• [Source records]
BEGIN
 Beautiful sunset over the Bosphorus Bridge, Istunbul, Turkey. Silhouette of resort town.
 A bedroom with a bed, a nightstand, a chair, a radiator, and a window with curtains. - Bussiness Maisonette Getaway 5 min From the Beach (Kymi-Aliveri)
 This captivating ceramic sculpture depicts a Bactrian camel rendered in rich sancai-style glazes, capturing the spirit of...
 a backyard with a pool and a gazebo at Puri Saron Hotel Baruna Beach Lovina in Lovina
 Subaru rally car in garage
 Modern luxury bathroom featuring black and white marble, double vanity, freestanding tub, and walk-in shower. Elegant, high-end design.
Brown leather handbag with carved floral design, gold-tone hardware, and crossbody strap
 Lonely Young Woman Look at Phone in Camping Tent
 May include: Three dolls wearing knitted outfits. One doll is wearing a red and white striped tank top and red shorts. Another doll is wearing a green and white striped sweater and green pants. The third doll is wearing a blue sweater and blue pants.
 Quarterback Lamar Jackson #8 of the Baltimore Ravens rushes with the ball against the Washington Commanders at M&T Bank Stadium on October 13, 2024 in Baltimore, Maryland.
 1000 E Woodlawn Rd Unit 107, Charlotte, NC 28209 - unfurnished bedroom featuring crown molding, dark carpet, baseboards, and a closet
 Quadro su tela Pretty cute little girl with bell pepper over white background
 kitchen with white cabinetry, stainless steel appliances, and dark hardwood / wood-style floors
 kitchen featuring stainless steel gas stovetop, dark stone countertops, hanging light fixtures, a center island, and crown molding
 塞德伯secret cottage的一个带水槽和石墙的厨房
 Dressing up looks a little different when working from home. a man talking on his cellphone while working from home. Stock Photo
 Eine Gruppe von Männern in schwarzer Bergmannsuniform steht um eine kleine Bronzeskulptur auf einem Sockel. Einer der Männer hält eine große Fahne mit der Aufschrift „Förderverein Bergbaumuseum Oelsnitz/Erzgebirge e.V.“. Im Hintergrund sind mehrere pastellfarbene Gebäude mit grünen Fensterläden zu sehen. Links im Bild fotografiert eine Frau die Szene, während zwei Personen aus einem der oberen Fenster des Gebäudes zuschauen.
END
• [PROBLEM TO WORK ON] What are the lines above, starting at the one with "a backyard with" and ending at the one with "Dressing up looks"? Give them again exactly, and only them.

• [SOLUTION TO THIS EXERCISE]
 a backyard with a pool and a gazebo at Puri Saron Hotel Baruna Beach Lovina in Lovina
 Subaru rally car in garage
 Modern luxury bathroom featuring black and white marble, double vanity, freestanding tub, and walk-in shower. Elegant, high-end design.
Brown leather handbag with carved floral design, gold-tone hardware, and crossbody strap
 Lonely Young Woman Look at Phone in Camping Tent
 May include: Three dolls wearing knitted outfits. One doll is wearing a red and white striped tank top and red shorts. Another doll is wearing a green and white striped sweater and green pants. The third doll is wearing a blue sweater and blue pants.
 Quarterback Lamar Jackson #8 of the Baltimore Ravens rushes with the ball against the Washington Commanders at M&T Bank Stadium on October 13, 2024 in Baltimore, Maryland.
 1000 E Woodlawn Rd Unit 107, Charlotte, NC 28209 - unfurnished bedroom featuring crown molding, dark carpet, baseboards, and a closet
 Quadro su tela Pretty cute little girl with bell pepper over white background
 kitchen with white cabinetry, stainless steel appliances, and dark hardwood / wood-style floors
 kitchen featuring stainless steel gas stovetop, dark stone countertops, hanging light fixtures, a center island, and crown molding
 塞德伯secret cottage的一个带水槽和石墙的厨房
 Dressing up looks a little different when working from home. a man talking on his cellphone while working from home. Stock Photo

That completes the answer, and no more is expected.